C’est le refus d’une « opposition irréductible entre le monde pré-conciliaire et le monde post-conciliaire » mais aussi d’une liturgie dont la « communauté » deviendrait le « véritable sujet».
Renvoyant au catéchisme de l’Eglise catholique en son numéro 1069, Mgr Pozzo a tenu à rappeler que « la liturgie n’est pas faite pour le plaisir des prêtres… toute œuvre liturgique est Opera Christi ». Il s’agit de lutter contre l’autoréférentialité des chrétiens – un clin d’œil au vocabulaire du pape François pour rappeler que ce qui compte, ce sont les « catégories christologique du peuple, corps du Christ».

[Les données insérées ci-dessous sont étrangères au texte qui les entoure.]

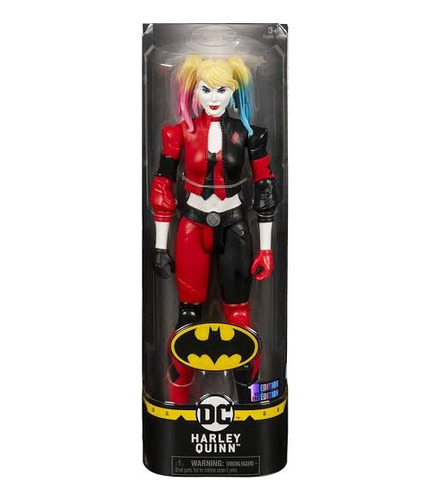 Harley Quinn Sm 30cm (Reacondicionado)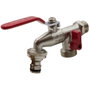 Riegolux Grifo en Laiton pour Sortie de Jardin avec Raccord
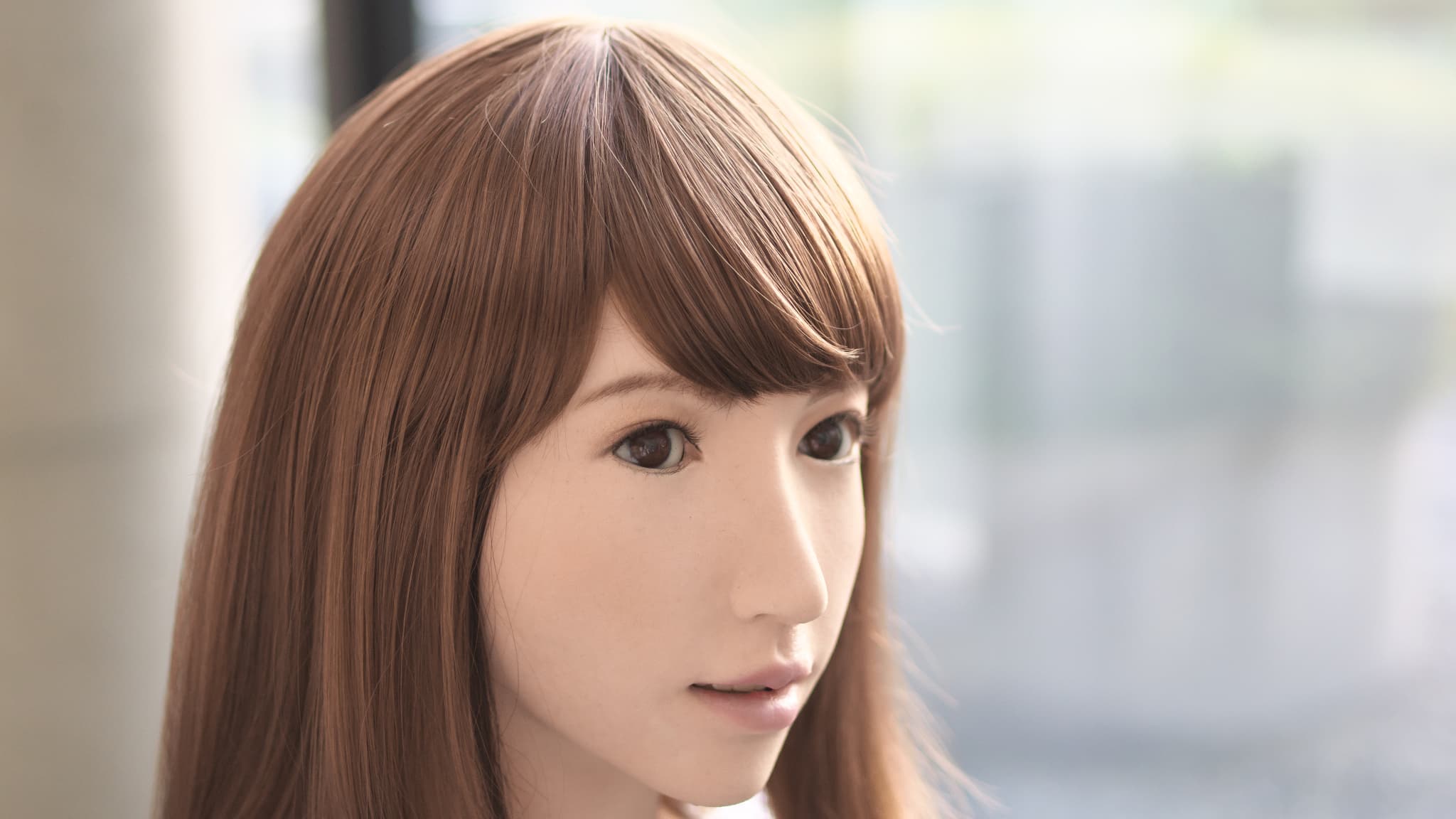 Le robot Erica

Ainsi, selon Mgr Pozzo, dans la liturgie, le « silence, les génuflexions, la référence, l’infinie distance qui sépare la Terre du ciel » sont essentielles. Il a même suggéré que cette manière de célébrer – que l'on retrouve évidemment de manière privilégiée – dans la forme extraordinaire « oppose une nouvelle barrière à la sécularisation » du monde et à « l’humanisme antichrétien de notre siècle. « Célébrer dans le rite antique, c’est garder l’espérance dans l’Eglise.»
Il a a conclu en insistant sur le fait que ce n’est pas la « nostalgie du passé » qui mobilise les fidèles attachés à la forme extraordinaire mais « l’orientation des âmes vers ce qui est pérenne et toujours actuel » : ainsi « les jeunes prêtres sont intéressés » par la célébration du rite traditionnel.
« Les difficultés ne doivent pas surprendre », a ajouté Mgr Pozzo qui voit leur source dans une certaine manière de comprendre Vatican II selon la « Vulgate » d’une discontinuité avec la tradition. Il estime que l’usus antiquior est « un trésor à garder et à transmettre sans référence idéologique d’où que ce soit».